Family overcome seeing 'Extreme' home
AARON LEO aleo@ctpost.com
Connecticut Post  08/01/2007
 
BRIDGEPORT — Gloria Brown and her family left a burnt and ravaged home at 285 Hollister Ave. last Wednesday.

But a week later, they came back to a larger, blue home with a white picket fence surrounded by flowers. Plaques on two stone pillars flanking the driveway read "The Brown Family" and 285 Hollister Ave. The front porch light was on.

Ending a week of tight security in the East End area surrounding her home, Brown and her children, sisters Bobbi, 17, and Jana'e, 14, and their brother, Fred, 16, exited a black limousine to see the house that television and local volunteers built in one week on the ABC show "Extreme Makeover: Home Edition."

Brown raised her hands and her two daughters fell to ground after laying eyes on the Victorian structure standing where a burnt, flooded and vandalized wreck used to be.

Fred did back flips in the street.

They also shared a group hug with the host, Ty Pennington, to the cheers of the approximately 4,000 spectators who lined both sides of the street.

Show officials did not make the Browns available for comment Wednesday night.

But city Mayoral Aide Deborah Caviness, who attended with Mayor John M. Fabrizi and Michael Feeney, the city's chief administrative officer, is a friend of Brown, who is the associate minister of the English Chapel Cathedral of Miracles Church.

"Couldn't have happened to a more deserving person," Caviness said. "Gloria Brown is a longtime community leader who puts everyone else's needs before her own."

Members of the church also gathered to wish their associate minister well.
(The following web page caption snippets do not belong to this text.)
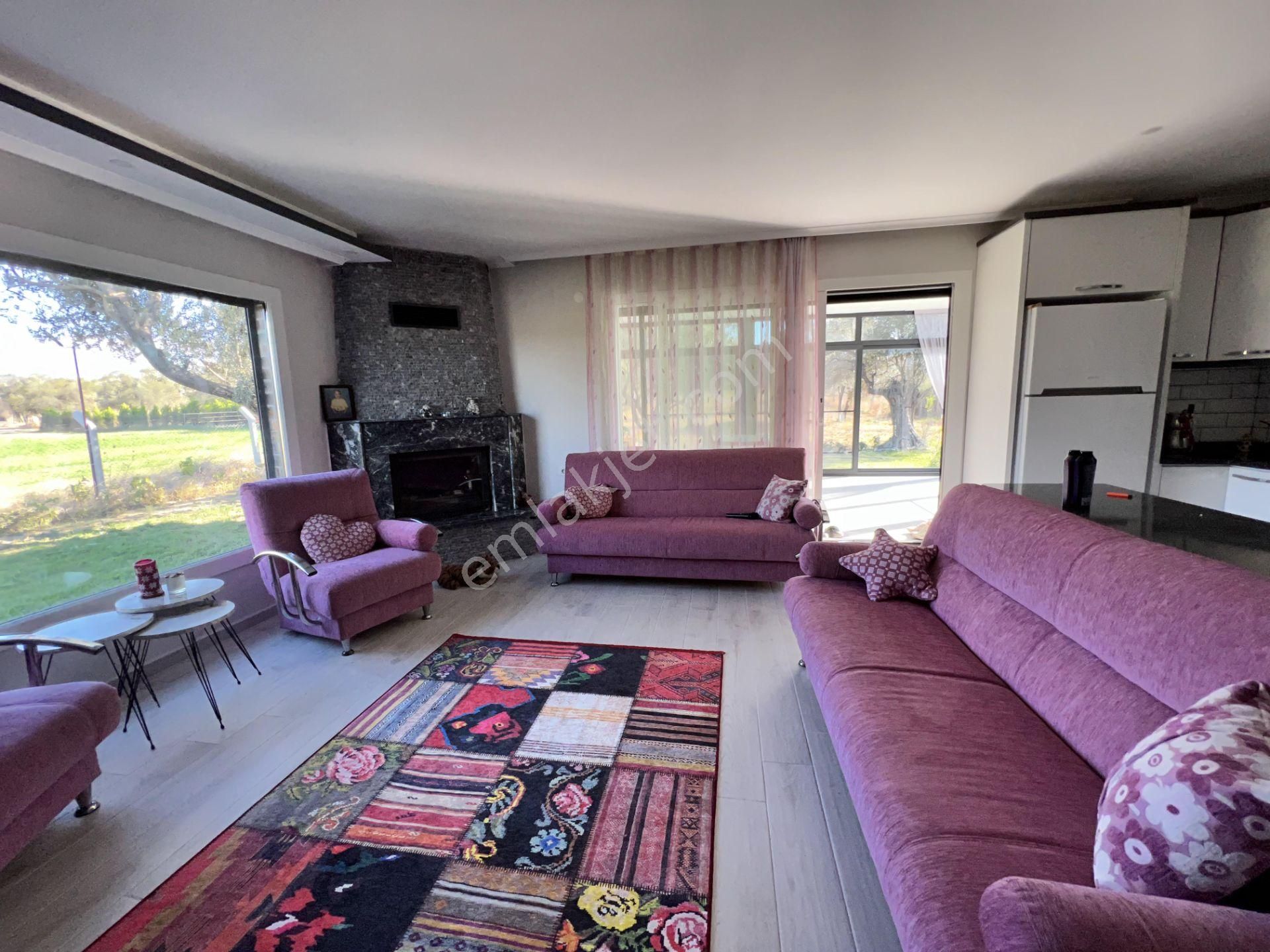 Balıkesir Ayvalık Ta Satılık Ciftlik Evi - Görsel 8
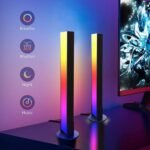 DS Smart LED Light Bars, Gaming Lights, Ambient Light, RGB TV Backlights with Scene Modes and Music Modes for Gaming, Computer Case, PC Monitor, TV, Laptop (Z Series) - Image 4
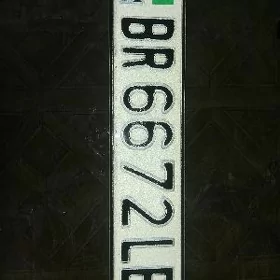 Nomer tapildi Br 66 72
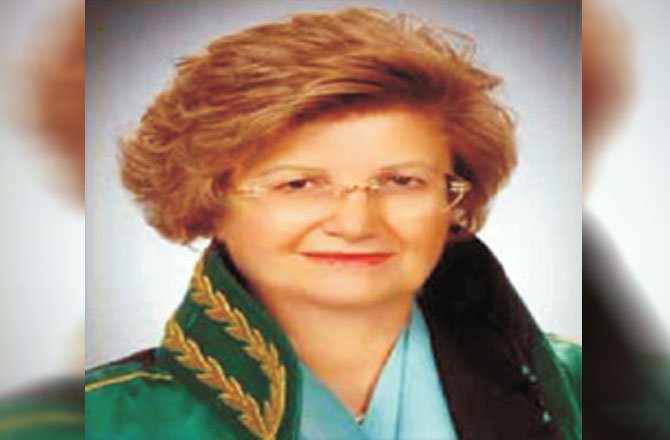 GÜLŞEN ERDOĞAN KİMDİR?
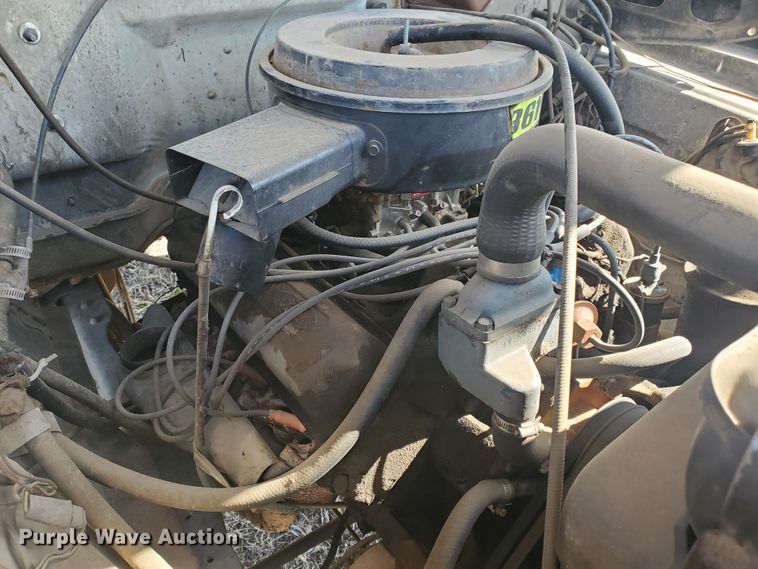 image for item IX9151 1978 Ford F600  bucket truck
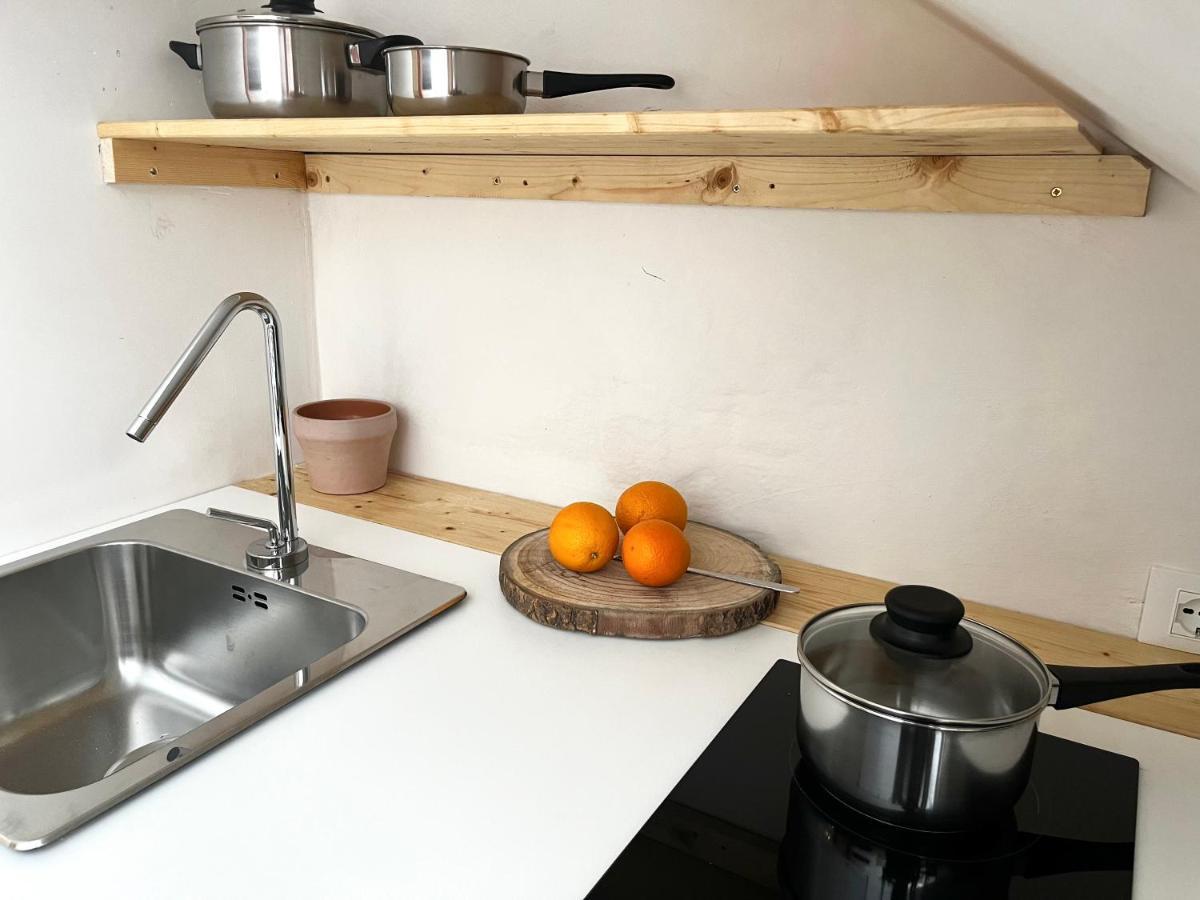 Apartment Ruggine Loft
"We love you Browns, from the English Chapel," they shouted.

The volunteers and other workers toiled through high heat and humidity to complete the home, designed by Danbury architect Leigh D. Overland and built by Gulick Associates, of New Canaan, with materials from Seymour-based Haynes Materials.

Overland, who attended the unveiling, explained his design.

"A family's home should not be just a house. It should be a framework for a wonderful life," he said.

"A house should make you feel comfortable when you walk through the front door. It should be a safe haven, where it feels good, where you can relax, where the world is OK," he added.

Overland designed the house around the family, after viewing the video they submitted in the application for the show. The show chooses all of the companies to build the houses.

"I could tell the family was a very close family," he said. "I wanted to create spaces that would let them share things."

Gloria Brown "has her own contemplation area" because she is a minister, he said.

It's several thousand square feet, larger than the old house, but not overly large, Overland added.

"I wanted this to fit in with the neighborhood," he said. "This fits in with the neighborhood. It's an asset to the community."

The home's speedy construction required some innovations, said Tom Haynes, company president at Haynes Materials.

"We supplied everything, from a special foundation all the way up to the landscaping products," he said.

He was particularly proud of a quick-drying concrete his company made that would harden within 12 hours, rather than in a week.

"This foundation needed to be done in nine to 10 hours," he said.

They poured at 10:30 p.m. late last week after razing the damaged structure.

"Within 10 hours that foundation was ready," he added.

Such a house would normally take three to four months to build, he noted.

The family was slated to receive the keys and move in Wednesday night. The home is already furnished and decorated by the show's design team based on the family's suggestions.

But getting in took some time because the family shook hands with and hugged the volunteers and the show's other stars, including Paige Hemmis, Eduardo Xol, John Carr and Michael Moloney.

The episode is slated to air in October, Gulick officials said.

The show has garnered five awards, including two Emmys, and eight nominations, since it started in 2003.